€200-300 billion?

Mobile carriers' next challenge: finding the money for 5G

Great speed, but who will pay for it? Source: Reuters

The next big thing in cellphones will be 5G technology. Not only is it 10 times faster than existing mobile systems, it will allow such innovations as self-driving cars, virtual reality headsets and doctors operating remotely with robotic arms. But the gear is very pricey.

“5G will revolutionize the way we support and promote our business customers,” said Dirk Wössener, who recently left Canadian mobile firm Rogers to join the management team at Deutsche Telekom, parent company of T-Mobile in North America. Mr. Wössener says 5G mobile offers 1,000 times the capacity and 100 times the connection density of current mobile systems.
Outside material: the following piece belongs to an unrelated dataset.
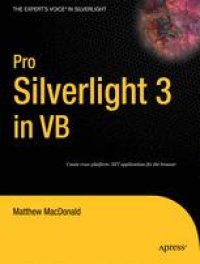 cover of the book Pro Silverlight 3 in VB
Rolling out the next generation of cellphone systems is going to be extravagantly expensive for cellphone carriers like T-Mobile. Deutsche Telekom CEO Timotheus Höttges has estimated the cost of providing 5G networks in Europe alone at €300 billion to €500 billion ($370 billion to $615 billion). The cost of 5G is so huge that White House officials are even considering a plan for the US government to build the system to ensure that it is secure against Chinese hackers.

“No company is capable of building out Germany’s network on its own,” said Mr. Wössener. He added that Deutsche Telekom, Europe’s biggest phone company, has signed cooperation agreements with four German companies and is in talks with 70 other telecommunications firms on forming alliances to pay for all the new infrastructure.